In the hands of award-winning London columnist Craig Brown, though, “Hello Goodbye Hello” is not just a delicious, gossipy romp through some of the most famous faces of the 20th century — although it certainly is that. What we have here is a close-up look at these celebrated folk in some rather surprising situations and connected to even more unlikely fellow celebrities: a refreshingly original look at some of the movers and shakers of the previous century. And if some of them are better known in Britain than here, he has helpfully added explanatory notes to this U.S. edition. Could American readers ask for anything more?
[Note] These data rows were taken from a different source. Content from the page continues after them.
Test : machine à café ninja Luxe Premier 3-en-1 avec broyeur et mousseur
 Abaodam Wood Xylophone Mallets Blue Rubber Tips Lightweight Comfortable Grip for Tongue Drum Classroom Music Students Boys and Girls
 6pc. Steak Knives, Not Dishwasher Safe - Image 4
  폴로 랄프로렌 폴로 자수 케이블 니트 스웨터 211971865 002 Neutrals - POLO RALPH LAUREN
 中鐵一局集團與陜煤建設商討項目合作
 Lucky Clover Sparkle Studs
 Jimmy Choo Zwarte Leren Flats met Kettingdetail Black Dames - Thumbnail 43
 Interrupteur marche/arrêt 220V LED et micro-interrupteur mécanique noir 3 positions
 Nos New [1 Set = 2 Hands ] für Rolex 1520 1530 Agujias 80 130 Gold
Adolf Hitler, with whom the circle of encounters begins and ends, alas needs no introduction, to readers here or elsewhere, but the young man who knocks him down with his car in 1931 — unfortunately for millions, without killing him — certainly does. John Scott-Ellis was not long out of school but his family was sufficiently connected that, when only a mere boy of 10, “he has already lunched with G.K. Chesterton and George Bernard Shaw.” But it is not his encounter with these superstars, but with another, Rudyard Kipling, in that summer of 1923, which launches the book on its trajectory of the 100 characters we will encounter before returning to Hitler, courtesy of the Duchess of Windsor.

Der Fuhrer is in uncharacteristically benign form in both these bookend intersections, an interesting contrast to Josef Stalin. First we are treated to a priceless evaluation of Stalin by an almost unbelievably obtuse H.G. Wells, who met with him in the Kremlin in 1934:

“I have never met a man more candid, fair and honest. I had thought before I saw him that he might be where he was because men were afraid of him, but I realise that he owes his position to the fact that no one is afraid of him and everybody trusts him.”

The only people to whom this ludicrous last sentence actually applies are Stalin’s comrades in the Politburo who would soon find themselves in those infamous purge trials and apparently went to their executions still believing that Stalin would save them. Craig Brown takes us from Wells next to Stalin’s hands-on murder two years later of Maxim Gorky, finished off by poisoned candy, personally administered by the Soviet dictator “who was worried that Gorky was planning to tell the world that his show trials were a sham.”

Mr. Brown is indefatigable in his burrowing through published memoirs and diaries to find not just the perfect incidents for his book but also to embellish them with background quotes and asides that are consistently enriching. Often these are in footnotes, helpfully provided on the page. Note to readers of this book: on no account skip these marvelous notes, which act as additional seasoning to an already piquant mix. They will underline the undeniable fact that this is indeed a saucy stew.

Among other things, “Hello Goodbye Hello” confirms the notion that, even on our crowded planet, there are fewer degrees of separation between people than one might readily suppose. Of course, we are in the rarefied world of stratospheric celebrity culture in these pages, so the pool is smaller. Hardly the creme de la creme, given some of the villains we encounter, but we do get an uncommonly interesting view of life at the top.

• Martin Rubin is a writer and critic in Pasadena, Calif.